カモーシェ戦もバックは取られましたが、一度も背中はマットにつけていないです。そこ……ですかね。首投げを失敗しても、下になって足関節とかいかない。レッスルアップからテイクダウンをしてリバーサル……上を取る。でもね、下になることがあるんだから、下の練習もしないといけない。そして、如何に下なる時間を短くするのか。自分はテイクダウンを仕掛けられている瞬間に、立つことを考えています。

三浦さんは試合で下になっていないので、そこまで考える必要はないのかもしれないけど、練習でやっておくと試合で役に立つ時がくるから。

三浦 確かにレスリングの練習で追い込まれても、華奈さんは立っていますね。私は追い込まれると、体も思考も止まることがあって。

──三浦選手は思い通りならない時に、焦りというか感情が表情に出ているような気もします。

三浦 そうなんです。

──あのう……渡辺選手、今の時代にコレを尋ねると、色々と言ってくる人もいるかと思いますが……。

渡辺 ハイ。何ですか(笑)。

──女を武器に生きたことがありますか。

渡辺 ないです。それは絶対にいえます。

──渡辺選手からは「ワァ」、「キャア」という空気が一切感じられなくて。

渡辺 えぇ、それ感じない?  ちょっとぉ、感じてぇ。

三浦 アハハハハハ。

渡辺 キャァァァァァァ。感じてぇ(笑)。

──ダハハハ。本当にこれまでの取材では本性を隠していたのですね。

渡辺 自分、練習で男に負けるもの絶対に嫌なんですよ。隼人さんに、ボコられても「コイツ、許さない」ってなりますから。

──とはいっても、その女性という部分がプロとしてセールスポイントになることもあります。三浦選手もパンクラス時代は女性タレントに似ているということで、可愛い派でいけましたしね。

渡辺 あぁ、西内まりあね。

三浦 やめてよ!!

──e-fightは、そうやって三浦選手の計量にメチャクチャ力をいれていましたよ(笑)。

渡辺 でもDEEP JEWELSの計量が水着着用の頃、私も水着でテカテカを塗られたけど、もうボディビルダーみたいになっちゃって(笑)。

──ハハハハ。絶対に女は売りにはならないと。

渡辺 あの頃は何も分かっていなくて、言われたことをやっていたけど今から考えるとヤバいですよ(笑)。ただ実際、三浦さんは練習で自分より大きな相手の選手とやることが多くなって、ガチで競り合えることが少なくなってきたから。そこは難しくて。

三浦 ハイ。
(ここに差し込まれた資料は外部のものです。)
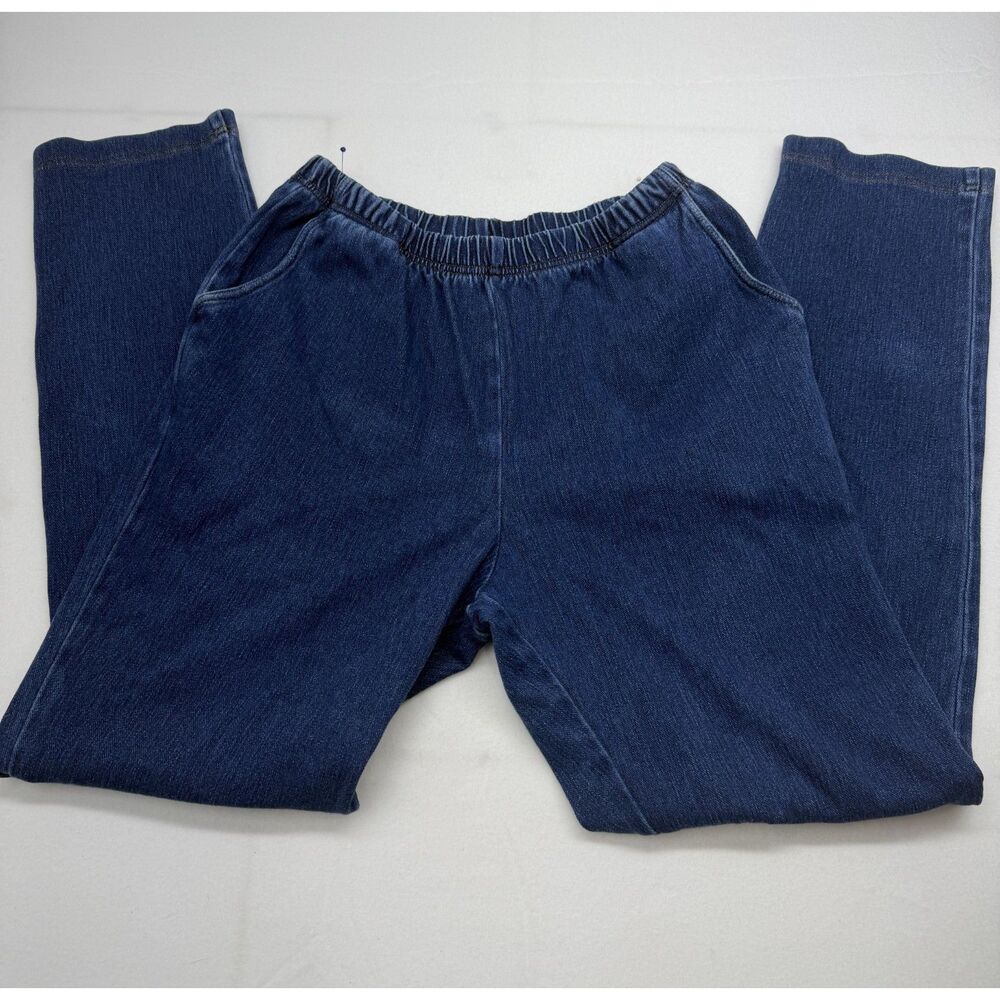 L.L. Bean Jeans Women's Size Medium Dark Wash Straight Leg Pull On Classic Fit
体が小さくなってしまって。

渡辺 自分はガチで競り合いができる相手が、男子の選手にいるので。渋谷(カズキ)さんとか、ガンガンにやっています。

──渋谷選手が下になってヒールを狙うと、「下になるな」って怒るのですか(笑)。

渡辺 アハハハ。でも、ヒールを取られちゃうんですよ。

三浦 その時の表情が、マジでイラついていて(笑)。

渡辺 ムカつきますよね。ふくやーまんとか、打撃はガチでできないけど組みの部分は全力でやりあえます。

──三浦選手は今、普段の体重が何キロぐらいなのでしょうか。

三浦 56キロぐらいですね。ただ、ここから少しでも増えると堀江さんから注意がはいるので。やっぱり52キロで戦うには。ストロー級でいきたいのですが、現状としてアトムで戦う可能性が大きいので。体を大きくすることができないんです。
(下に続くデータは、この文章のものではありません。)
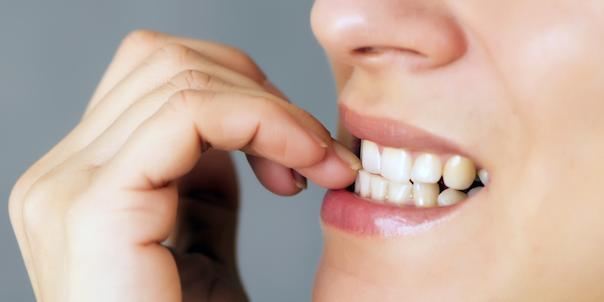 Stoppen met nagelbijten? Zo gaat het je lukken!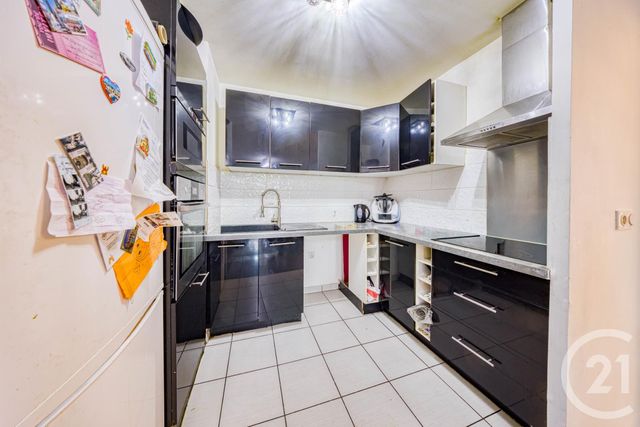 Appartement F4 à vendre - 4 pièces - 73.15 m2 - VIGNEUX SUR SEINE - 91 - ILE-DE-FRANCE - Century 21 Optimmo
──だと、男子のユニファイド・ストローの選手でも普段は5キロぐらいは重そうですね。

三浦 ハイ。以前は大きかったので、Fighter’s Flowに来ると男子選手とも体重が合っていたのですが今は大変ですね。

渡辺 でも、下にならないところは意識してほしい……ですかね。

──女子選手との練習は?

三浦 女子選手って結構、集まってやっているじゃないですか。JTTでも黒部(三奈=マスタージャパンの女子練習)さんのところも。そこには澤田(千優)選手が参加していて、ONEのアトムだと同じ階級になるから。HEARTSも樹ちゃんがいるから、ほとんどTRIBEでしか練習ができなくて。

渡辺 なら、樹ちゃんとやるしかないじゃん。エヘヘヘヘ。もう戦うこともないだろうし。

三浦 でも……こっちから声を掛けることは、やっぱりできないですよ。

渡辺 女子の軽量級って、本当に大変ですよね。そうやって練習相手も限られてくれるし、男子の選手が胸を貸してくれても、本番とは全然違う。競り合いにならないから。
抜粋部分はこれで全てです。